§ Supplied material:
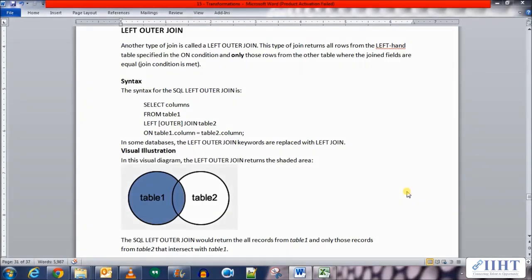Hey guys, hope you're all good. Today, previously we saw a few examples of joiner transformations where we implemented the inner join and the right outer join. Today we'll take a look at another type of join called the left outer join. This type of join returns all rows from the left-hand table specified in the ON condition and only those rows from the other table where the join fields are equal.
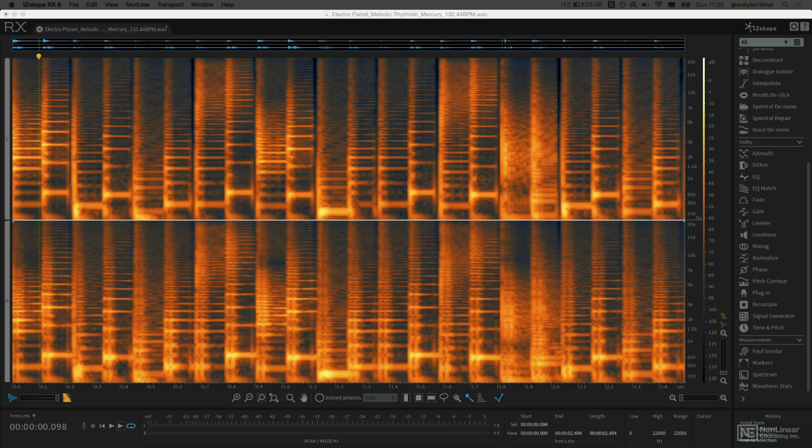Next up, I've got a pretty cool little creative trick that I want to show you using Find Similar Events and Replace. Let's take a listen to the original content.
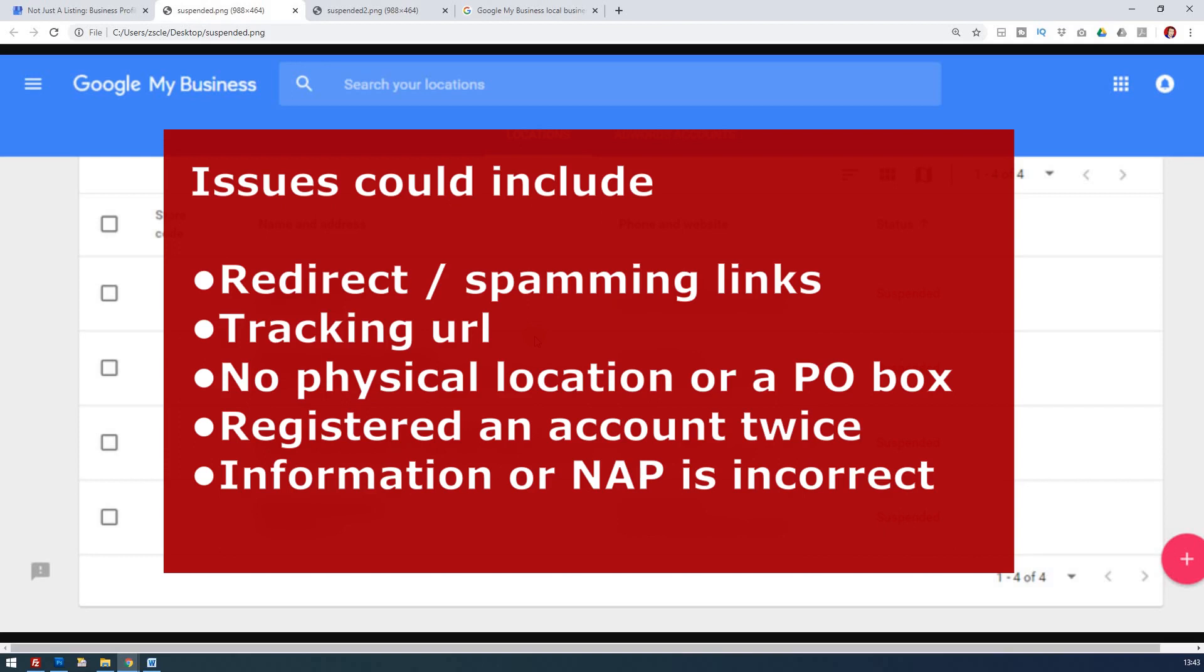It may be you registered an account in the past, and now you've re-registered it again. So they see that as a duplicate account for that business. So just check that.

§ Work required:
Without including any pictures, print all of the material exactly as given.

§ Output of the task:
Hey guys, hope you're all good. Today, previously we saw a few examples of joiner transformations where we implemented the inner join and the right outer join. Today we'll take a look at another type of join called the left outer join. This type of join returns all rows from the left-hand table specified in the ON condition and only those rows from the other table where the join fields are equal.
Next up, I've got a pretty cool little creative trick that I want to show you using Find Similar Events and Replace. Let's take a listen to the original content.
It may be you registered an account in the past, and now you've re-registered it again. So they see that as a duplicate account for that business. So just check that.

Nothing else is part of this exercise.